IC: Neuromorphic computing has been part of Intel Labs for almost a decade now, and it remains that way even with the introduction of Loihi 2, with external collaborations involving research institutions and universities. Is the roadmap defining the path to commercialization, or is it the direction and learnings from the collaborations that are defining the roadmap?

MD: It's an iterative process, so it's a little bit of both!

But first, I need to correct something - the acquisition I was a part of with Intel, 10 years ago, actually had nothing to do with neuromorphic computing at all. That was actually about Ethernet switches of all things! So our background was coming from the standpoint of moving data around in switches, and that's gone on to be commercialized technology inside other business groups at Intel. But we forked off and used the same kind of fundamental asynchronous design style that we had in those chips, and then we applied it to this new domain. That started about six years ago or so.

But in any case, what you're describing [on roadmaps] is really a little bit of both. We don't have a defined roadmap, given that this is about as basic of research as Intel engages in. This means that we have a kind of vision for where we want to end up – we want to bring some differentiating technologies to this domain.

So in this asynchronous design methodology, we did the best we could at Intel in developing an architecture for a chip with the best methods that we had available. But that was about as far as we could take it, as just one company operating in isolation. So that's why we released Loihi out to an ecosystem, and it's been steadily growing. We're seeing where this architecture performs really well on real workloads with collaborators, and where it doesn't perform well. There has been surprises in both of those categories! So based on what we learn, we're advancing the architecture, and that is what has led us to this next generation.

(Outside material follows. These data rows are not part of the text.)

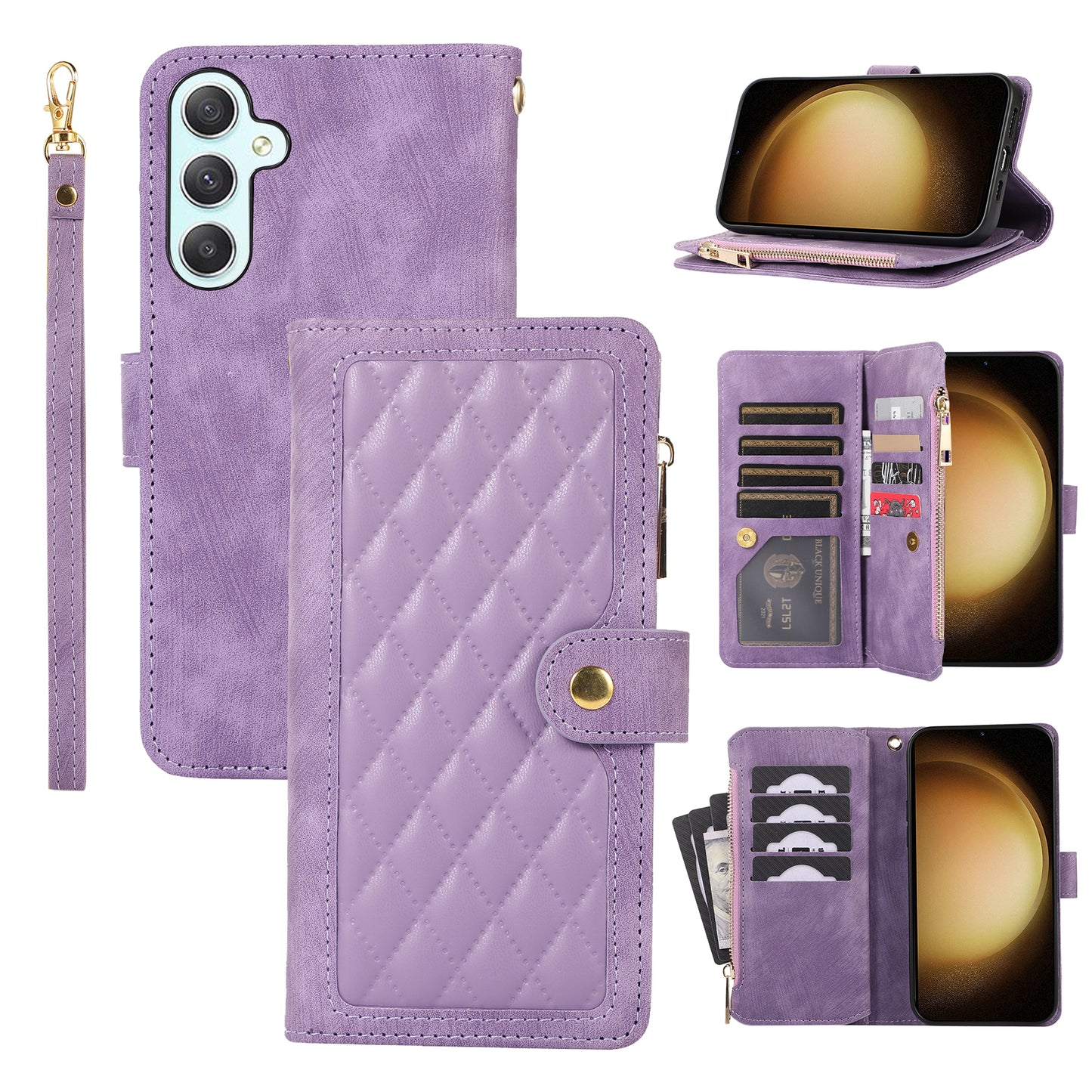 Rhombus Leather Case Stand Card Slots Purple Phone Cover - For Samsung Galaxy S24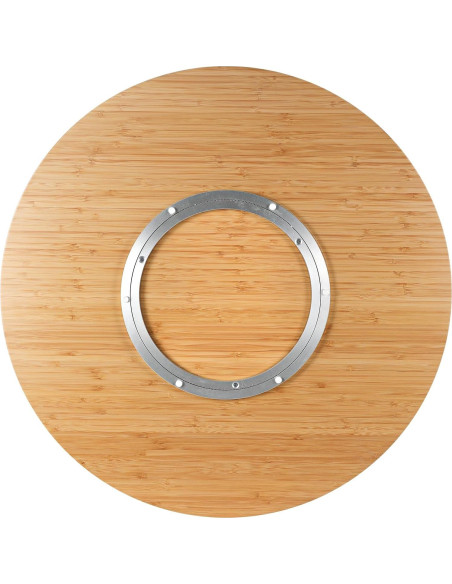 Lazy Susan de Bambú 50 cm HSDATKOR con Eje Giratorio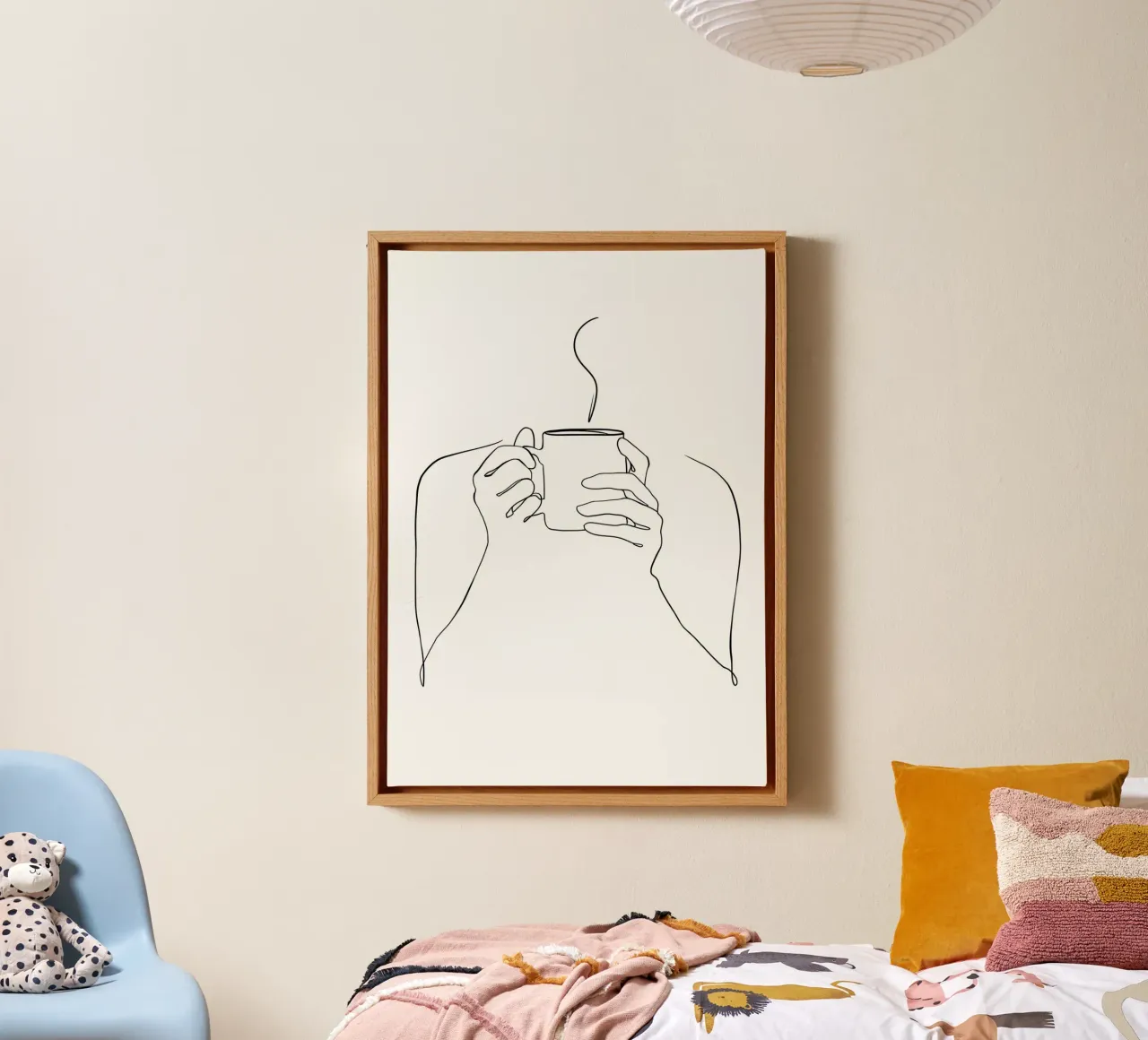 One Line Thee canvas met Baklijst van Aiden Garcia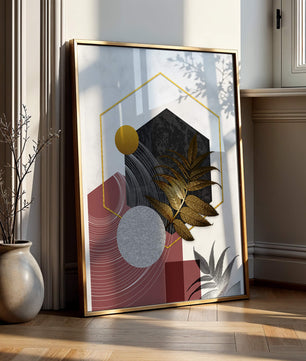 Abstract Geometric Composition with Gold and Leaf Motif - Mi tienda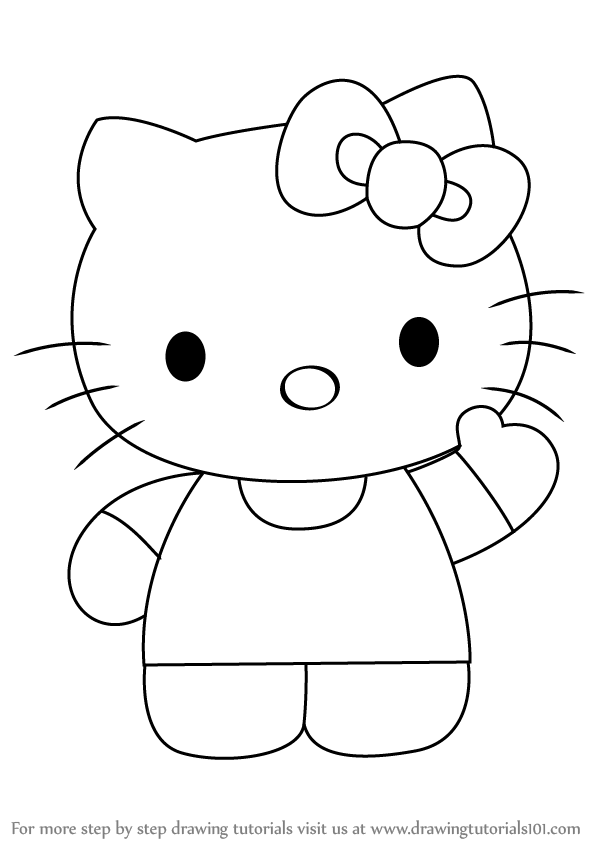 597x843 How To Draw Hello Kitty - Kitty Drawing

So while we're also looking for possible near term applications, which may be specializations of this general purpose design that we're developing, long term we might be able to incorporate designs into our mainstream products hidden away, in ways that maybe a user or a programmer wouldn't have to worry that they are present in the chip.

 

IC: Are you expecting institutions with Loihi v1 installed to move to Loihi v2, or does v2 expand the scope of potential relationships?

MD: In pretty much all respects, Loihi 2 is superior to Loihi v1. I expect that pretty quickly these groups are going to transition to Loihi 2 as soon as we have the systems and the materials available. Just like with Loihi 1, we're starting at the kind of the small scale - single chip / double chip systems. We built a 768 chip system with Loihi 1, and the Loihi 2 version of that will come around in due course.

 

IC: Loihi 2 is the first processor publicly confirmed for Intel's first EUV process node, Intel 4. Are there any inherent advantages to the Loihi design that makes it beneficial from a process node optimization point of view?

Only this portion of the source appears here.